Search code examples
grafanalogstash-grokprometheus

Grok exporter count doesn't decreases even if there are no errors currently


We have configured Grok exporter to monitor errors from the web service logs. We see that even when there are NO errors it still prints the past count of errors.

We have used "gauge" as the metric type and polling the log file every 5 secs.

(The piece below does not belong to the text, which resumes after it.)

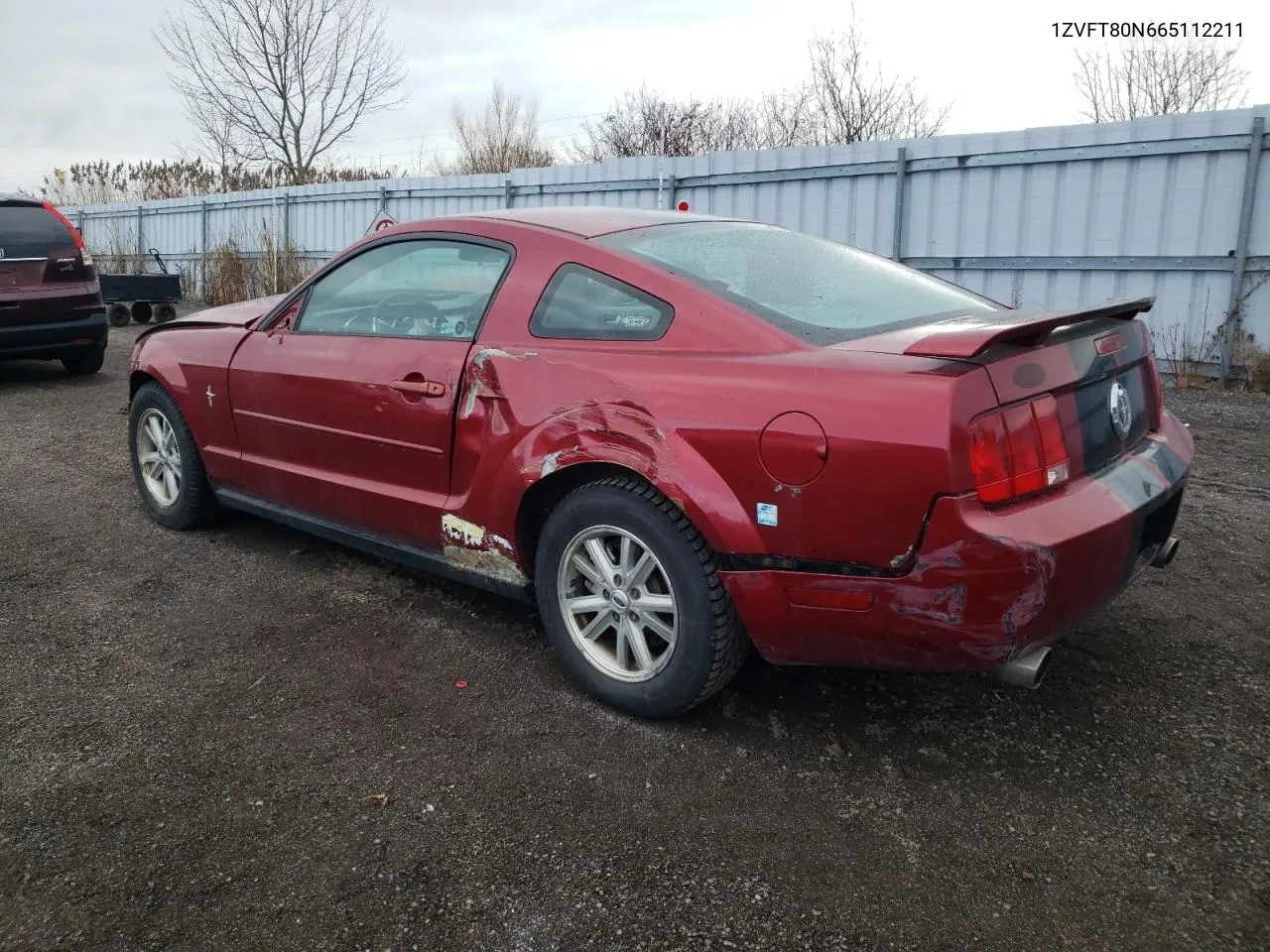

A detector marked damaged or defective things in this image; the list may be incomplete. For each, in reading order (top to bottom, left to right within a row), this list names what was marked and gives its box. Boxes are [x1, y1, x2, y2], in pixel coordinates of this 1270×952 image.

damaged red car [126, 206, 1189, 715]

Please see the config.yml below:

global:
  config_version: 2
input:
  type: file
  path: /ZAMBAS/logs/Healthcheck/AI/ai_17_grafana.log
  readall: true
  poll_interval_seconds: 5

grok:
  patterns_dir: ./patterns

metrics:
    - type: counter
      name: OutOfThreads
      help: Counter metric example with labels.
      match: '%{GREEDYDATA} WARN!! OUT OF THREADS: %{GREEDYDATA}'

    - type: counter
      name: OutOfMemory
      help: Counter metric example with labels.
      match: '%{GREEDYDATA}: Java heap space'

    - type: gauge
      name: NoMoreEndpointPrefix
      help: Counter metric example with labels.
      match: '%{GREEDYDATA}: APPL%{NUMBER:val1}: IO Exception: Connection refused %{GREEDYDATA}'
      value: '{{.val1}}'
      cumulative: false


    - type: gauge
      name: IOExceptionConnectionReset
      help: Counter metric example with labels.
      match: '   <faultstring>APPL%{NUMBER:val3}: IO Exception: Connection reset'
      value: '{{.val3}}'
      cumulative: false


    - type: gauge
      name: IOExceptionReadTimedOut
      help: Counter metric example with labels.
      match: '   <faultstring>APPL%{NUMBER:val4}: IO Exception: Read timed out'
      value: '{{.val4}}'
      cumulative: false


    - type: gauge
      name: FailedToConnectTo
      help: Counter metric example with labels.
      match: "   <faultstring>RUNTIME0013: Failed to connect to '%{URI:val5}"
      value: '{{.val5}}'
      cumulative: false

server:
port: 9244



Output:

grok_exporter_lines_matching_total{metric="FailedToConnectTo"} 0
grok_exporter_lines_matching_total{metric="IOExceptionConnectionReset"} 0
grok_exporter_lines_matching_total{metric="IOExceptionReadTimedOut"} 3
grok_exporter_lines_matching_total{metric="NoMoreEndpointPrefix"} 0
grok_exporter_lines_matching_total{metric="OutOfMemory"} 0
grok_exporter_lines_matching_total{metric="OutOfThreads"} 0

Say, for 1 hr there were No errors, still it shows '3' errors and when an error does occurs it keeps adding up. So in total it becomes 4 and so on..it keeps on adding :(

I want grok to show only the present data without adding previous values.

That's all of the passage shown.